◆ **Problem to work on**
Return, word for word, only the lines of the data below that lie between the line with "Pattex 2K Profesyonel" and the line with "Cassava Flour Grinder Machine", those two lines included.

(Beginning of Source material)

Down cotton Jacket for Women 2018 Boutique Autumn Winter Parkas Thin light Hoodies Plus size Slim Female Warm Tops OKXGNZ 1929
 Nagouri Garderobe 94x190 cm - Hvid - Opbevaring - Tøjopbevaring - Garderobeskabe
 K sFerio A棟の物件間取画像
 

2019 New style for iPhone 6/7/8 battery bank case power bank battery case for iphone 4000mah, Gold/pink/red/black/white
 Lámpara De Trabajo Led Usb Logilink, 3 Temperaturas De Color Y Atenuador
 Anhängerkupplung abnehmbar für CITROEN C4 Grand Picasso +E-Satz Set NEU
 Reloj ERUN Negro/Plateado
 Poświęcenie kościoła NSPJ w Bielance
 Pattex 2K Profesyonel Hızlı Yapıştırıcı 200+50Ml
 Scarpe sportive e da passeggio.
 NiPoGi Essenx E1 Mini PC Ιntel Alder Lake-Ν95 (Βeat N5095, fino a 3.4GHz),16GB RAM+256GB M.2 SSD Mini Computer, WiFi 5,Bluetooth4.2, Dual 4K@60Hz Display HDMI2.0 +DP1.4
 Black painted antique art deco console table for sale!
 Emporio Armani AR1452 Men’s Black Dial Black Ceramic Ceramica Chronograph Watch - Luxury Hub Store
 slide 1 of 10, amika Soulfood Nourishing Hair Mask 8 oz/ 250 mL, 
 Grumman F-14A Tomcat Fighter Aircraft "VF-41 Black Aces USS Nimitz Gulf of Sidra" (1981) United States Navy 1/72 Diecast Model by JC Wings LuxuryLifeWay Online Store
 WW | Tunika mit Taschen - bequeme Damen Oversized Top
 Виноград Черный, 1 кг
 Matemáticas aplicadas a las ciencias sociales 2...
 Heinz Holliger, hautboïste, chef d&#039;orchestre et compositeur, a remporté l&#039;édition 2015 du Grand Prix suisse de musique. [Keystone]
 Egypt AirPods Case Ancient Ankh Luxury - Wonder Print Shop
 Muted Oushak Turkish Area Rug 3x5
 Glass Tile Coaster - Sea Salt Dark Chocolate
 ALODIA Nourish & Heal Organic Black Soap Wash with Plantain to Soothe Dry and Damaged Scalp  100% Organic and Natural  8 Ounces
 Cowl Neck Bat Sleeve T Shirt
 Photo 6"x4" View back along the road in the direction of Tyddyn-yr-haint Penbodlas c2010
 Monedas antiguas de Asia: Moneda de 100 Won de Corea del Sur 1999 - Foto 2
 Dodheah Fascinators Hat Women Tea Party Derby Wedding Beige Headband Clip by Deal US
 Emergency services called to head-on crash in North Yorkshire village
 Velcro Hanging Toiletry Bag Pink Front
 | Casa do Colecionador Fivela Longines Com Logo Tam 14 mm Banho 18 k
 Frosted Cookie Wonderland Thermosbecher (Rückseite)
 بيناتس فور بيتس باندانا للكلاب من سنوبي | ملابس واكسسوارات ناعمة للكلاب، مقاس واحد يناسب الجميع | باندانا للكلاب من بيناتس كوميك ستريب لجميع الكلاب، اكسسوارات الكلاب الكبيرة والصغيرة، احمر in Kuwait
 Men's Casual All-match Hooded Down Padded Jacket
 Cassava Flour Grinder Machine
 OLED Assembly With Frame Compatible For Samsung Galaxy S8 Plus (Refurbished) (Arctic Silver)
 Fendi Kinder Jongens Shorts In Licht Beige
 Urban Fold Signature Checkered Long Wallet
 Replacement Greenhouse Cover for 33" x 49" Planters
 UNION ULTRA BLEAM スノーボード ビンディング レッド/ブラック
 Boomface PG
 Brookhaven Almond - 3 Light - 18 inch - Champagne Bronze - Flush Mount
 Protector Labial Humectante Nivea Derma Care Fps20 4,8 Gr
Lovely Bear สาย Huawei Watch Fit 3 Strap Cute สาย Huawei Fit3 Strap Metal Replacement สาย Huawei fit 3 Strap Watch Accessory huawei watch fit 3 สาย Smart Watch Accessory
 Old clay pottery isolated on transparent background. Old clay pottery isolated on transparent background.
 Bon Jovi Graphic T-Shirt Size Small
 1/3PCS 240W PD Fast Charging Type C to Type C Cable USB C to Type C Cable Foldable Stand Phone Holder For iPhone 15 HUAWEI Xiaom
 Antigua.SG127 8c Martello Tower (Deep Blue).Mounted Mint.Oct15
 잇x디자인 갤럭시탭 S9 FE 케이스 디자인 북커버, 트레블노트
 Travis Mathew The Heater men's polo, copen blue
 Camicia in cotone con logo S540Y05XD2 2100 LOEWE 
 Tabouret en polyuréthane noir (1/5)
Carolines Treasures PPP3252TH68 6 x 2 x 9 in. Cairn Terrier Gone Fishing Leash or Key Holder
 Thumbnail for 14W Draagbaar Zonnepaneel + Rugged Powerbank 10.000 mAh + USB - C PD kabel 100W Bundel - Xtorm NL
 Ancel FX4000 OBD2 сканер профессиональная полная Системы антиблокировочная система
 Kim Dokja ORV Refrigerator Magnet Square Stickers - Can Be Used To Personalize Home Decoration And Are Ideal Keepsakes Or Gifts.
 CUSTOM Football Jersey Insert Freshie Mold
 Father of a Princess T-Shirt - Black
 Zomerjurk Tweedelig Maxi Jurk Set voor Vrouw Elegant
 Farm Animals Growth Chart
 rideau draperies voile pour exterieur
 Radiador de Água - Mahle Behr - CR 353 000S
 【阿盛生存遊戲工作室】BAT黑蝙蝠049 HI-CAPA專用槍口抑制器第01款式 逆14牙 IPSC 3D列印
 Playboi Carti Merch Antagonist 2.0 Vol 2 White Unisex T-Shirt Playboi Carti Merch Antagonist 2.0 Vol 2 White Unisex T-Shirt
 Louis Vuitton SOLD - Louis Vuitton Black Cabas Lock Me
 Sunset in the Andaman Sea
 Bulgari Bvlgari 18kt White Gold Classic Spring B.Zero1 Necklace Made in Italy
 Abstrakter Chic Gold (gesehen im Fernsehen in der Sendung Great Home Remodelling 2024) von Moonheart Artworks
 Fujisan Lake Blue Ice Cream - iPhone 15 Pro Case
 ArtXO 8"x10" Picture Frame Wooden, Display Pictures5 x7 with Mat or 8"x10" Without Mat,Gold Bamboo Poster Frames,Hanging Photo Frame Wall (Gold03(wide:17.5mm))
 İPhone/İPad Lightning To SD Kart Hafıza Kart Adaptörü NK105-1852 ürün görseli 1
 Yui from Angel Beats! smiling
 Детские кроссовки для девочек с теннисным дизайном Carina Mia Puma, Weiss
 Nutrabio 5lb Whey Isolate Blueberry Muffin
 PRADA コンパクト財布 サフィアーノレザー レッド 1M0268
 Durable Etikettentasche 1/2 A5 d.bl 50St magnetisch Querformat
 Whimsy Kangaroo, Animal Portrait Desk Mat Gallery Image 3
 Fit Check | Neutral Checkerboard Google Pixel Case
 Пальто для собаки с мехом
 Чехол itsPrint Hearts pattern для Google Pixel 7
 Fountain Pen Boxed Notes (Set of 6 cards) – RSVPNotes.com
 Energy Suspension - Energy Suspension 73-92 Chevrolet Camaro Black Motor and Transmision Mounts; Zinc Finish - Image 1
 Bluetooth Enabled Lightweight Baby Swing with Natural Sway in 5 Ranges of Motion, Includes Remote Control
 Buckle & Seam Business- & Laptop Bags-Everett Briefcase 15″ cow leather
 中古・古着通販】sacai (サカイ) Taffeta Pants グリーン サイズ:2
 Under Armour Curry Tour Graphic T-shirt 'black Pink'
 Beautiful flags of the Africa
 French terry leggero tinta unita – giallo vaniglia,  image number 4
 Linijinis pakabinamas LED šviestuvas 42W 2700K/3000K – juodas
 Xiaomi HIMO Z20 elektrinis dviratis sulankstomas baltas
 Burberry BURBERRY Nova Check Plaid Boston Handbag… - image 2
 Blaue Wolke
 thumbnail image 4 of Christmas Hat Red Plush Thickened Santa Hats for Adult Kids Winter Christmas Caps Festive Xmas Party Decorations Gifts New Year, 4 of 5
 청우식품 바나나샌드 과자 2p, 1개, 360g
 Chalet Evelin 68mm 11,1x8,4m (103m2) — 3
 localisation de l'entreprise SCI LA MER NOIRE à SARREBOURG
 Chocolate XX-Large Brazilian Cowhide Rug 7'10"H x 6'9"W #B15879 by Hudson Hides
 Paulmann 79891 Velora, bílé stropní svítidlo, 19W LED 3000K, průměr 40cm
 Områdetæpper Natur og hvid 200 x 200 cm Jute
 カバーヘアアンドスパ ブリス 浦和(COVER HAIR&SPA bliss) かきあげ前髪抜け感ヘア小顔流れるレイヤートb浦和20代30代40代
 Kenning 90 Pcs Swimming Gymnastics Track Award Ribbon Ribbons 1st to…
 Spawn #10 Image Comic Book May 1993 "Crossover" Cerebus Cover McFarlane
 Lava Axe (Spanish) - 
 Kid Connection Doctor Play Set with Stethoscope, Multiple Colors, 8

(End of Source material)

◆ **Response to this task**
 Pattex 2K Profesyonel Hızlı Yapıştırıcı 200+50Ml
 Scarpe sportive e da passeggio.
 NiPoGi Essenx E1 Mini PC Ιntel Alder Lake-Ν95 (Βeat N5095, fino a 3.4GHz),16GB RAM+256GB M.2 SSD Mini Computer, WiFi 5,Bluetooth4.2, Dual 4K@60Hz Display HDMI2.0 +DP1.4
 Black painted antique art deco console table for sale!
 Emporio Armani AR1452 Men’s Black Dial Black Ceramic Ceramica Chronograph Watch - Luxury Hub Store
 slide 1 of 10, amika Soulfood Nourishing Hair Mask 8 oz/ 250 mL, 
 Grumman F-14A Tomcat Fighter Aircraft "VF-41 Black Aces USS Nimitz Gulf of Sidra" (1981) United States Navy 1/72 Diecast Model by JC Wings LuxuryLifeWay Online Store
 WW | Tunika mit Taschen - bequeme Damen Oversized Top
 Виноград Черный, 1 кг
 Matemáticas aplicadas a las ciencias sociales 2...
 Heinz Holliger, hautboïste, chef d&#039;orchestre et compositeur, a remporté l&#039;édition 2015 du Grand Prix suisse de musique. [Keystone]
 Egypt AirPods Case Ancient Ankh Luxury - Wonder Print Shop
 Muted Oushak Turkish Area Rug 3x5
 Glass Tile Coaster - Sea Salt Dark Chocolate
 ALODIA Nourish & Heal Organic Black Soap Wash with Plantain to Soothe Dry and Damaged Scalp  100% Organic and Natural  8 Ounces
 Cowl Neck Bat Sleeve T Shirt
 Photo 6"x4" View back along the road in the direction of Tyddyn-yr-haint Penbodlas c2010
 Monedas antiguas de Asia: Moneda de 100 Won de Corea del Sur 1999 - Foto 2
 Dodheah Fascinators Hat Women Tea Party Derby Wedding Beige Headband Clip by Deal US
 Emergency services called to head-on crash in North Yorkshire village
 Velcro Hanging Toiletry Bag Pink Front
 | Casa do Colecionador Fivela Longines Com Logo Tam 14 mm Banho 18 k
 Frosted Cookie Wonderland Thermosbecher (Rückseite)
 بيناتس فور بيتس باندانا للكلاب من سنوبي | ملابس واكسسوارات ناعمة للكلاب، مقاس واحد يناسب الجميع | باندانا للكلاب من بيناتس كوميك ستريب لجميع الكلاب، اكسسوارات الكلاب الكبيرة والصغيرة، احمر in Kuwait
 Men's Casual All-match Hooded Down Padded Jacket
 Cassava Flour Grinder Machine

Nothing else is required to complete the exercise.